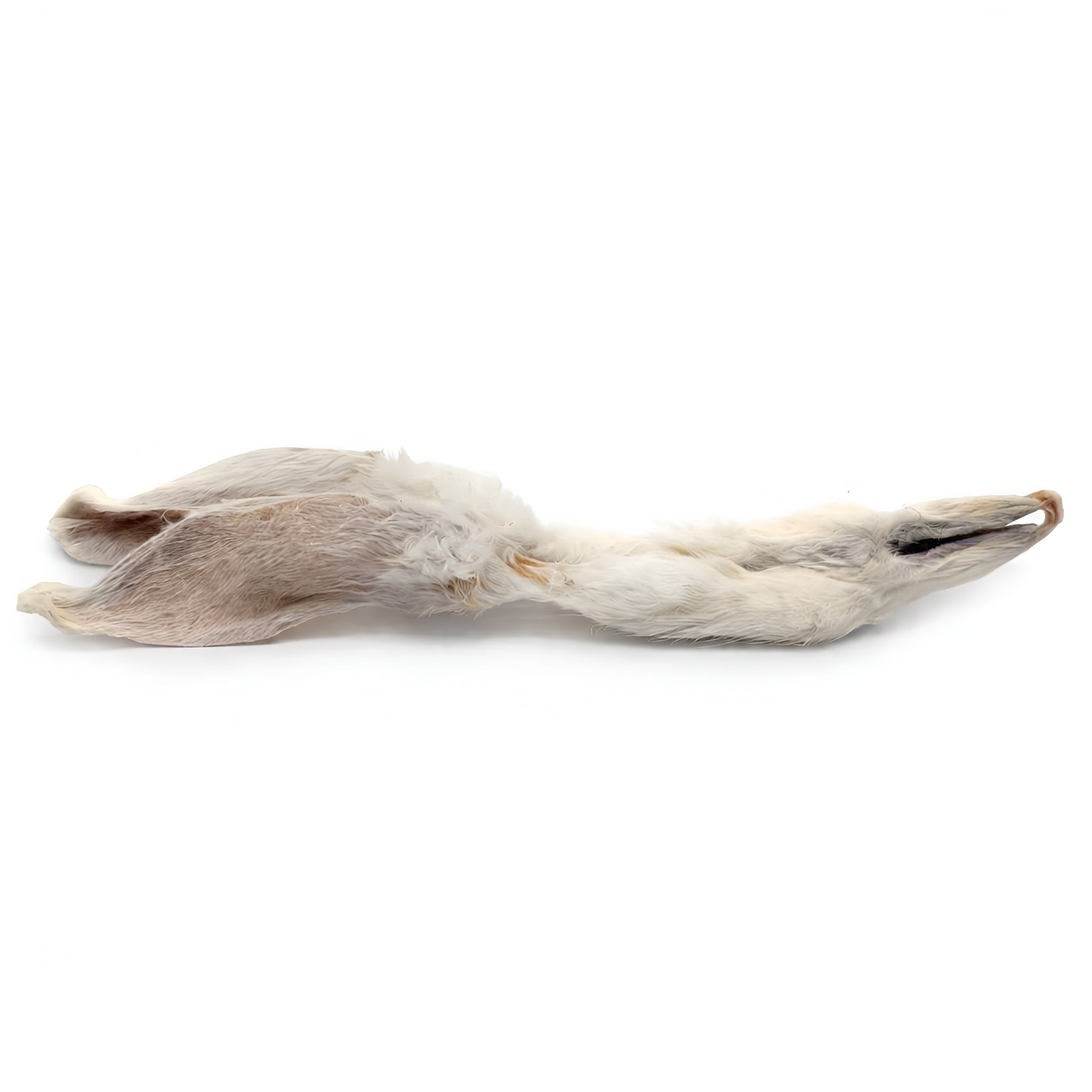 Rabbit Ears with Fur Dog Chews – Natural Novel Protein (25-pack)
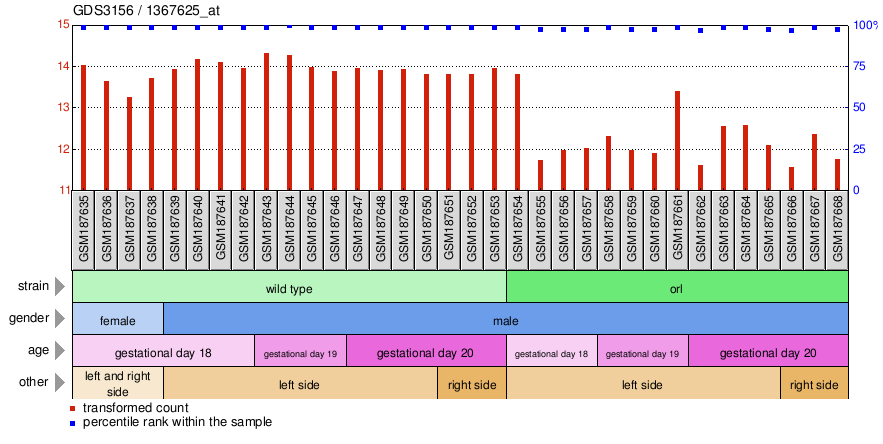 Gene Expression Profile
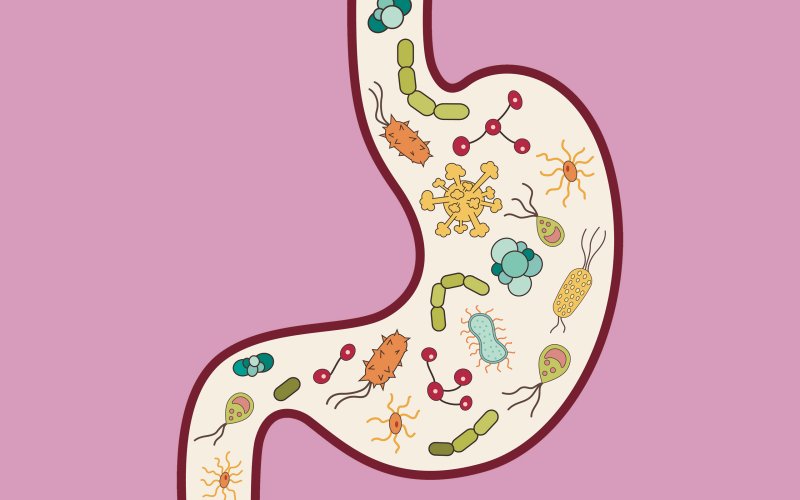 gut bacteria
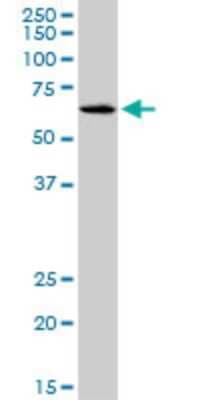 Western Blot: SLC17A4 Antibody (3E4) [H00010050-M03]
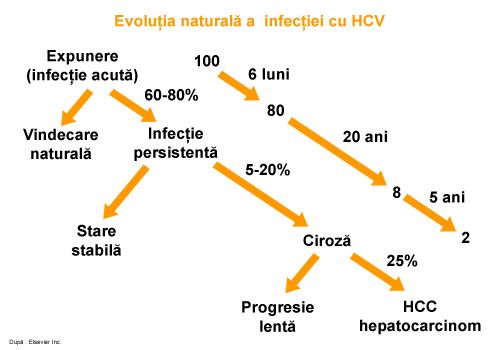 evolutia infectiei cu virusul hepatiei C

* * *

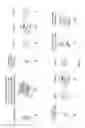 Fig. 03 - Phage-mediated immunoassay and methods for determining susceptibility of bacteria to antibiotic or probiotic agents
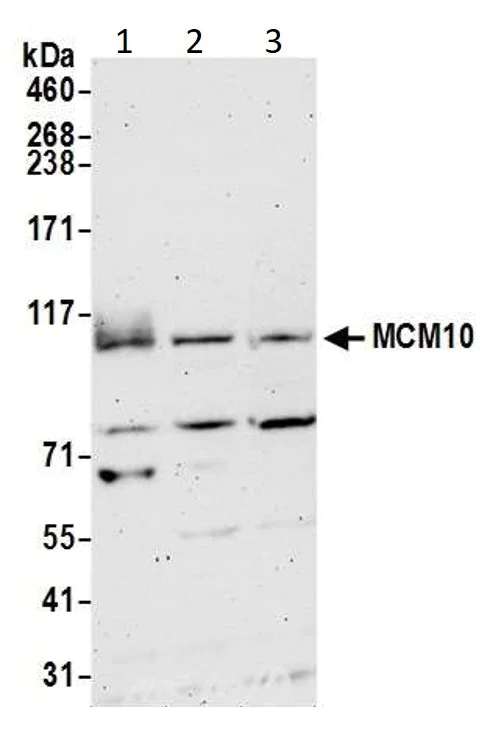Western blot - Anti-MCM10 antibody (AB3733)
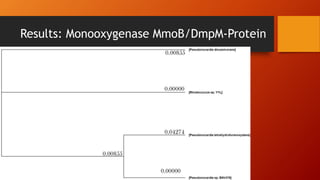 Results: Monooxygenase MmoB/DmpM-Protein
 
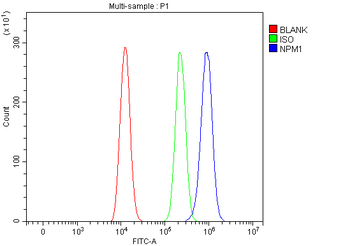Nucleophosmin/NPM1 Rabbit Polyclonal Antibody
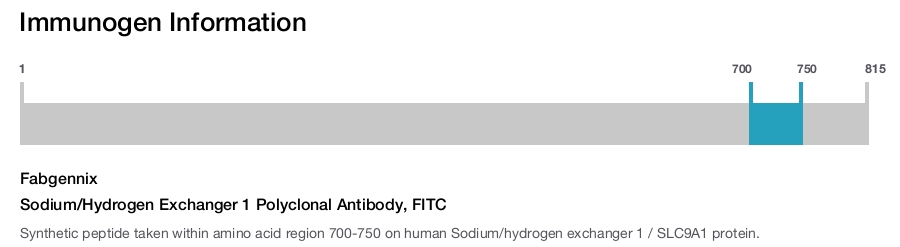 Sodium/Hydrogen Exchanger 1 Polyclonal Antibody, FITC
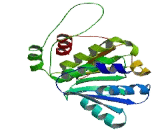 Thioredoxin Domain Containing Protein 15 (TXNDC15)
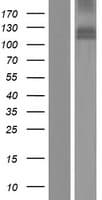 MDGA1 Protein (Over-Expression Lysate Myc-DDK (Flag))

— Directions for this task —
Range to copy from the records above: the line containing "Nucleophosmin/NPM1 Rabbit Polyclonal Antibody" to the line containing "MDGA1 Protein (Over-Expression", both included. Output those lines exactly and only those, skipping pictures.

— Answer to this problem —
Nucleophosmin/NPM1 Rabbit Polyclonal Antibody
 Sodium/Hydrogen Exchanger 1 Polyclonal Antibody, FITC
 Thioredoxin Domain Containing Protein 15 (TXNDC15)
 MDGA1 Protein (Over-Expression Lysate Myc-DDK (Flag))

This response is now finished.